The truth is, you can’t

Research into CSE shows that there is not one type of abuser.

Perpetrators of Child Sexual Exploitation (CSE) can be male or female, come from any ethnic background and be any age . They may have a low social and/or economic status or they could be a wealthy individual in a considerable position of authority. 

By raising awareness of CSE we hope that more people will think, spot and speak out against abuse. 

 

35% of all sexual crimes recorded in England and Wales in 2012/13 were sexual crimes against children under 16. 1

An Office of the Children’s Commissioner’s Inquiry was repeatedly informed of occasions when the primary groomer, or connection to a wider network of perpetrators, belonged, or was connected to, a victim’s family. 3

Recent research conducted by the NSPCC indicates that around 5% of UK children suffer contact sexual abuse at some point during childhood. It is likely that around 190,000 of these will fall victim to contact sexual abuse by a stranger or an adult relative (other than a parent or guardian) before turning 18. This represents an average of more than 10,000 new victims in the UK every year. 4 

An Office of the Children’s Commissioner’s Inquiry heard of individuals who would find and groom children and young people using social networking sites, meet them in person, and then circulate them among their friends who would exploit them. 3

CSE involves the abusive exercise of power by perpetrators over those who are vulnerable. 3

The abuse of the
power and authority that comes with status, be that celebrity or otherwise, certainly remains a potential threat to children. 4

Exploitation can also involve opportunistic or organised networks of perpetrators who may profit financially from trafficking children / young people between different locations to engage in sexual activity often with multiple men.
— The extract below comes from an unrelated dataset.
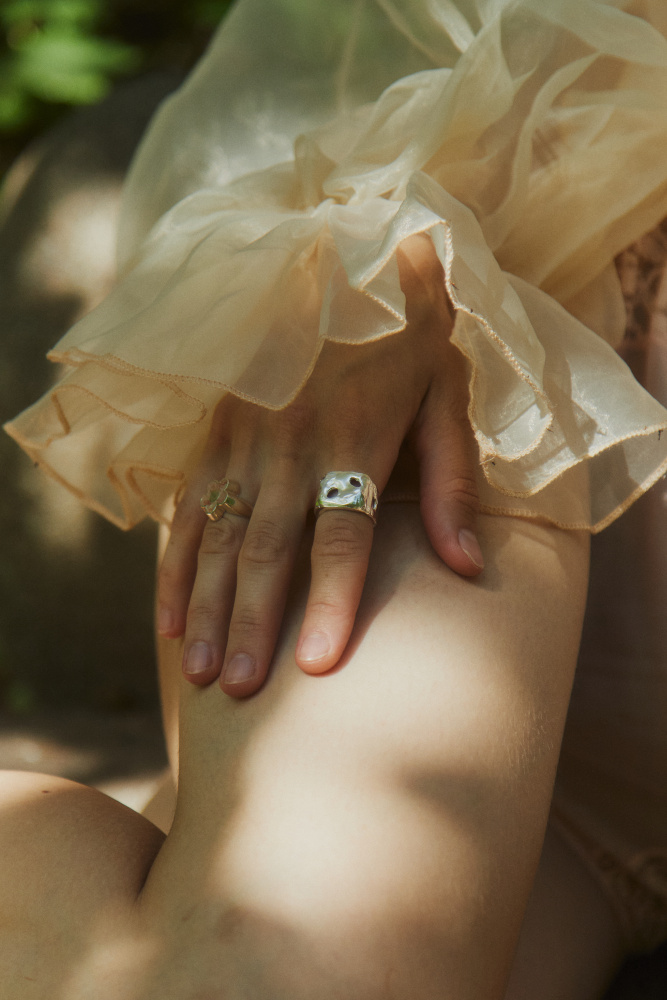 Серебряная печатка Мультивселенная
An Office of the Children’s Commissioner’s Inquiry was told of bus and coach stations being used by perpetrators to spot and recruit children and young people for sexual exploitation. This was particularly the case where they were running away from home or living on the street. 3

More than one in three children (34%) who experienced contact sexual abuse by an adult did not tell anyone else about it. 2 

Compared with ‘single-perpetrator’ sexual violence, group-based sexual offending is committed more frequently by offenders in their teens and early twenties, as opposed to those who offend alone. 3

Technology is widely used by perpetrators as a method of grooming and coercing victims, often through social networking sites and mobile devices. 6

1. Office for National Statistics 2013 In: Crime in England and Wales 2012/13: findings from the British Crime Survey and police recorded crime.
2. Allnock, D. and Miller, P. (2013) No one noticed, no one heard: a study of disclosures of childhood abuse. [London]: NSPCC.
3. Office of the Children’s Commissioner’s Inquiry into Child Sexual Exploitation in Gangs and Groups. Final Report. November 2013.
4. Threat assessment of child sexual exploitation and abuse.Child Exploitation and Online Protection (CEOP) Centre, 2013.
5. Barnados 2011.
6. Child Exploitation and Online Protection Centre 2011.